Active compounds found in the plant such as chlorophyll are close to human blood. (Chlorophyll~~Chlorophyll is a chlorin pigment, which is structurally similar to and produced through the same metabolic pathway as other porphyrin pigments such as heme. At the center of the chlorin ring is a magnesium ion. This was discovered in 1906, and was the first time that magnesium had been detected in living tissue.)
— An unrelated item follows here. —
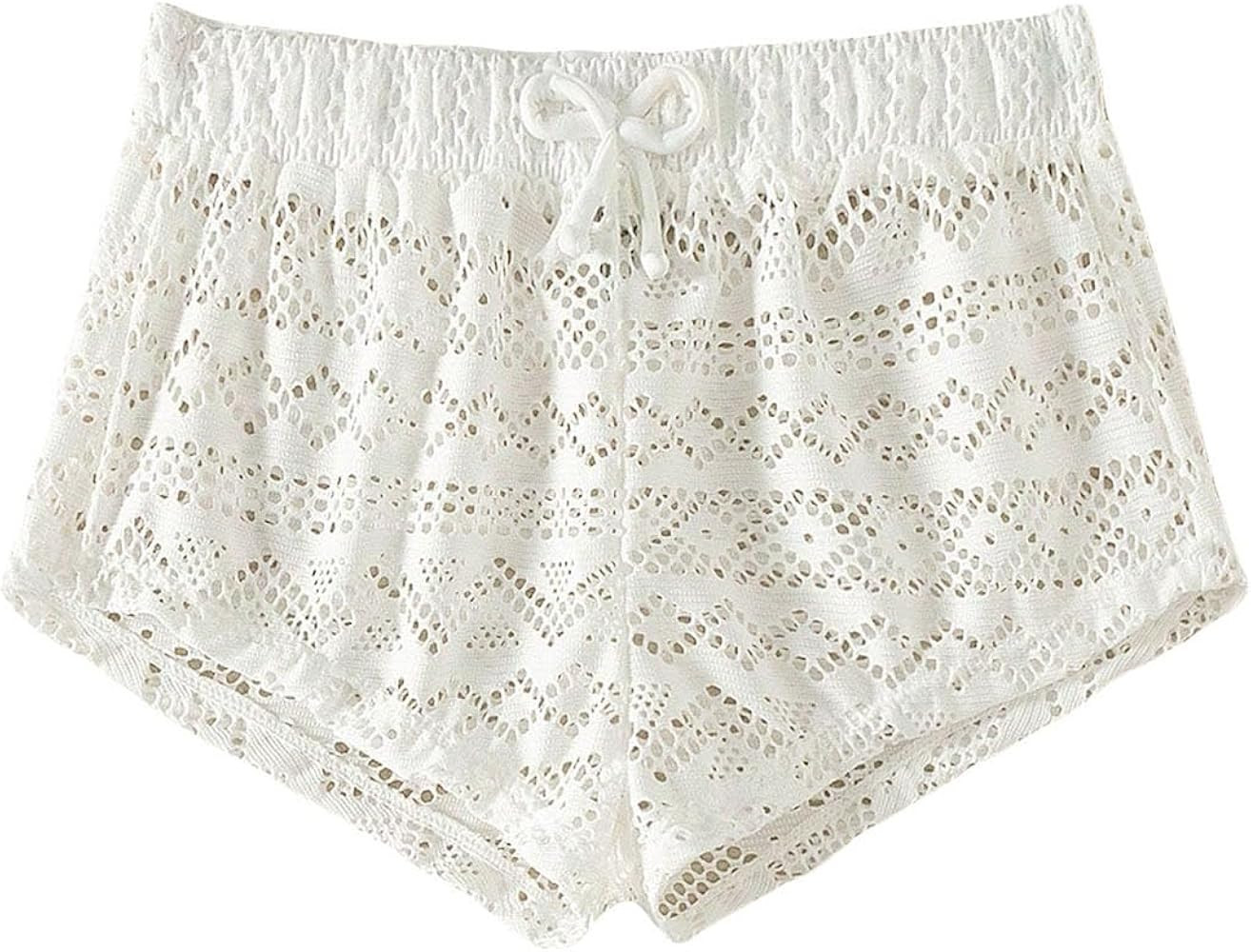 Milumia Girl's Crochet Sheer Coverup Hollow Eyelet Shorts Swim Cover Up Beachwear | Amazon (US)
The correct structure of hemin (heme) is part of the hemoglobin. ( hemoglobin is the red coloring of blood, the pigment, when combined with protein forms hemoglobin) Chlorophyll molecules closely resemble hemin. One of the major differences between chlorophyll and hemin is that chlorophyll contains magnesium while hemin molecule contains iron for the central atom. Owing to the close molecule resemblance between chlorophyll and hemoglobin is that chlorophyll and its derivatives is nature’s blood-building element for all plant eaters and humans.
Magnesium in plant chlorophyll picks up the blue light from the sun, add in plant carbs and proteins, which all contribute to turn the plant blood green. Iron plus proteins makes human and animal blood red. That’s why I say;
Plants are people too!!
At the ripe old age of 84, my own Dad lived in one of those secured senior complexes too. But one day he took a swan dive out of the tub while taking a shower and laid on the cold tile floor for a 4 hours because he couldn’t get himself up alone. Someone finally came along to check on him and called an ambulance, then called me. During my 3 week stay with Dad while he recovered, I got to know some of the other seniors on his floor.
One 90+ year old lady had a number tattooed on her forearm. She had been in a Nazi camp as a child. Some of the stories she told me would make the hair on the back of my neck stand up. Some of her stories she actually lived, some stories she heard from other survivors. (Her story and that of others who lived before or without electricity can be found in my book, How to Survive and Thrive When the Power is Out.)
Plants and plant medicine would have been pivotal in their survival, as it was during the last great economic depression. You know? Plants and old people, uh. Who would have ever thought?